Speaker
Description
Background: Post-COVID Condition (PCC) affects a substantial proportion of individuals following SARS-CoV-2 infection, and the mechanisms driving symptom persistence remain an area of active research. Identifying risk factors associated with PCC development is important for targeted prevention strategies and clinical management. Machine learning (ML) models offer powerful tools for prediction in epidemiological settings, but understanding which features drive these predictions requires careful interpretation. As part of the RESOLVE-PCC project, we apply model-agnostic feature importance methods to identify and characterize risk factors for PCC from data of the German National Cohort (NAKO).
Methods: We employ multiple complementary feature importance methods that capture different aspects of feature-target associations: For unconditional associations we use permutation feature importance (PFI), leave-one-covariate-out (LOCO), and Shapley additive global importance (SAGE) values, whereas conditional feature importance (CFI) and conditional SAGE values are used for conditional associations. We distinguish unconditional association (whether a feature relates to PCC at all) from conditional association (whether a feature provides unique predictive information given other features). To enable this analysis, we developed xplainfi, a new R package implementing these feature importance methods natively integrating with the mlr3 machine learning framework. The package includes multiple approaches for conditional feature importance not previously available in R, supporting both conditional sampling strategies and flexible model refitting approaches.

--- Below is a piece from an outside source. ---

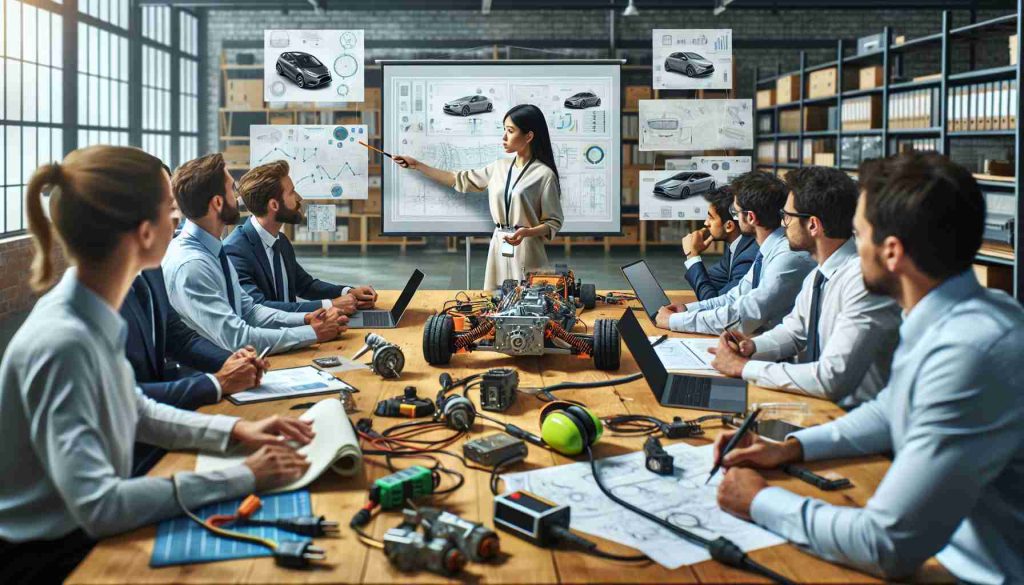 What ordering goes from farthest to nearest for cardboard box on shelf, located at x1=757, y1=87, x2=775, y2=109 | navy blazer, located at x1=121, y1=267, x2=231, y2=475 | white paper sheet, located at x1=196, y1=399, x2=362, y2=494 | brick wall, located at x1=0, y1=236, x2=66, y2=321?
cardboard box on shelf, located at x1=757, y1=87, x2=775, y2=109 < brick wall, located at x1=0, y1=236, x2=66, y2=321 < navy blazer, located at x1=121, y1=267, x2=231, y2=475 < white paper sheet, located at x1=196, y1=399, x2=362, y2=494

Results: By comparing results across methods, we distinguish between features that are merely correlated with other risk factors (high PFI but low CFI) versus those providing independent predictive value. This differentiation has epidemiological implications: features showing only unconditional associations may be proxies for unmeasured factors, while conditionally associated features could represent potentially modifiable risk factors or targets for intervention. Our analysis framework addresses practical challenges in epidemiological ML applications, including mixed-type data and quantifying uncertainty in importance estimates.
Conclusions: Feature importance methods provide interpretable insights into the complex etiology of PCC by revealing different types of feature-target relationships beyond simple prediction performance. We demonstrate how application of model-agnostic interpretability techniques can support epidemiological inference from ML models, helping to bridge the gap between predictive modeling and mechanistic understanding. The xplainfi package provides researchers with accessible tools for conducting such analyses in R, particularly valuable for epidemiological studies requiring rigorous feature importance assessment. The methodological framework developed in this project contributes to ongoing RESOLVE-PCC research efforts and provides generalizable approaches for risk factor identification in other complex health outcomes.